Not so long ago, the guys from LINBIT presented their new SDS solution – Linstor. This is a fully free storage based on proven technologies: DRBD, LVM, ZFS. Linstor combines simplicity and well-developed architecture, which allows to achieve stability and quite impressive results.
Today I would like to tell you a little about it and show how easy it can be integrated with OpenNebula using linstor_un – a new driver that I developed specifically for this purpose.
Linstor in combination with OpenNebula will allow you to build a high-performance and reliable cloud, which you can easily deploy on your own infrastructure.
Linstor is not a file system nor a block storage by itself. Linstor is an orchestrator that provides you an abstraction layer to automate the creation of volumes on LVM or ZFS, and replicate them using DRBD9.
But wait, DRBD? – Why automate it and how will it work at all?
Let’s remember the past, when DRBD8 was quite popular and its standard usage implied creating one large block device and cutting it to a lot of small pieces using the same LVM. A lot like mdadm RAID-1 but with network replication.
This approach is not without drawbacks, and therefore, with the advent of DRBD9, the principles of building storage have changed. Now a separate DRBD device is created for each new virtual machine.
The approach with independent block devices allows better utilization of space in the cluster, as well as adds a number of additional features.
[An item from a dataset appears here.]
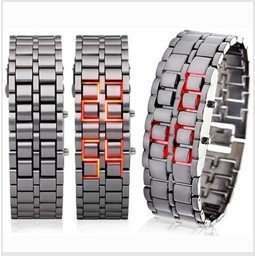 Faceless Digital Watch Red LED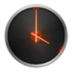 橙色模拟时钟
For example, for each such device, you can determine a number of replicas, their location and individual settings. They are easy to create/delete, make snapshots, resize, enable encryption and much more. It is worth noting that DRBD9 also supports quorum.
Resources and backends
Creating a new block device, Linstor places the necessary number of replicas on different nodes in the cluster. Each such replica will be called a DRBD-resource.
There are two types of resources:
- Data-resource — is a DRBD-device created on a node and backed by LVM or ZFS volume. At the moment there is support for several backends and their number is constantly growing. There is support for LVM, ThinLVM and ZFS, the last two allow you to create and use snapshots.
- Diskless-resource — is a DRBD-device created on a node without any backend, but allows you to use it like a regular block device, all read/write operations will be redirected to data-replicas. The closest analogue to Diskless-resource is iSCSI LUN.
Each DRBD resource can have up to 8 replicas, and only one of them can be active by default — Primary, all others will be Secondary and they will be impossible to use as long as there is at least one Primary resource existing, so they will just replicate all data between themselves.
By mounting a DRBD-device, it automatically becomes Primary, so even a Diskless resource can be Primary according DRBD terminology.
So why is Linstor needed?
As it delegates all resource-intensive tasks to the kernel, Linstor is essentially a regular Java application that allows you to easily automate the creation and management of DRBD resources. At the same time, each resource created by Linstor will be an independent DRBD cluster, which can work independently of the state of the control-plane and other DRBD resources.
Linstor consists of only two components:
- Linstor-controller— The main controller that provides an API for creating and managing resources. It also communicates with the satellites, checking the free space and schedules a new resources on them. It is working in single instance and uses a database that can be either internal (H2) or external (PostgreSQL, MySQL, MariaDB)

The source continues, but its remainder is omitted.